Consider the pop-up.
According to Eventbrite’s “Food & Drink Industry Insights Insider” Report, pop-ups events are “creating a new kind of entrepreneur”. Chefs willing to take risks are using these types of events “to build their brand and highlight their creativity without necessarily being tied to a brick and mortar restaurant”. Further adding to the argument to give this concept a try, pop-ups are the fastest growing event trend in the food & beverage industry right now. If your business is located in San Francisco, NYC, Boston, or LA, you live in a city at the helm of this movement. If not, have no fear. The growth is still impressive - the reported number of pop-up events planned across the country grew 82% year-over-year.
Hopefully we have impressed you enough with the facts and have convinced you to give the pop-up a try. Now you want to know how to go about preparing for such an event. Lucky for you, there are a ton of resources available online which we have curated for you.
If you're looking for a good place to start from the ground floor, Read “The Pop-Up Playbook.” It's a step-by-step guide on planning any event, including advice from Pop-Up Pros and an Event Planning Toolkit.
Here are a few things to consider in the event planning process:
1. Apply for All Necessary Permits & Licenses
The last thing you want is to have your event shut down because you missed filing the required paperwork. If all of this is greek to you, start a conversation with a friend or restaurant collogue with pop-up experience about the following.
2. Determine if you Should Enlist PR Help
It’s not always true that “If you build it, they will come”. Building a buzz is critical to turnout come event day. Depending on the size and scale of your event and your own skill set, assistance with both social media strategy and execution may be a worthwhile investment. Pop Up Republic, for example, specializes in promoting pop-ups across the country.
3. Consider using a service like DinnerLab
Solo chefs especially can get great help on pop-up execution from services that manage the whole event for you. Chefs simply apply online at dinnerlab.com, and they take you through the process of testing out your latest concept with a group of eager customers. The best part? Once you’re in, you’re in, and you can lather, rinse, repeat to your heart’s content.

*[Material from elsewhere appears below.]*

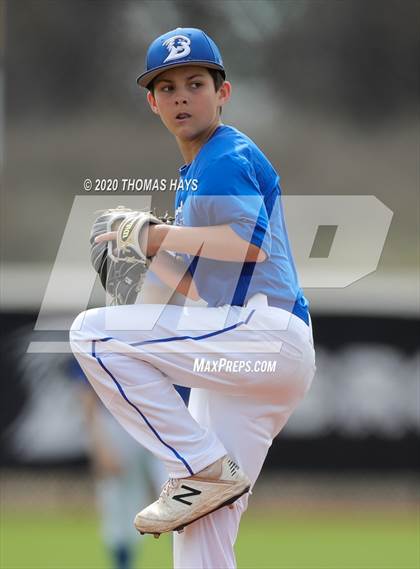 Thumbnail 3 in Benbrook @ Brock (Scrimmage) photogallery.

4. Find your Benchmark(s) and Study Their Success
Obviously you don’t want to go out with a “me too” concept but there is room to learn from the pros. Take Ace of Tastes, Papi Chulo in Partnership w/ Munchery, & Philly’s Summer Pop-Up in the Park Series (popular since 2011). Whatever form of pop-up you aspire to host, there are plenty of examples out there for comparison purposes!
5. Know Your Customer
It may sound simple, but if you want to win where this trend is concerned, it is critical to know your audience. And if how the millennial operates is unfamiliar to you, Eva Thurow’s Generation Yum is a quick, relevant, yet thorough read which will be an excellent reference for you. It is chock full of facts around the needs and habits of this particular demographic.
Now go forth & pop-up!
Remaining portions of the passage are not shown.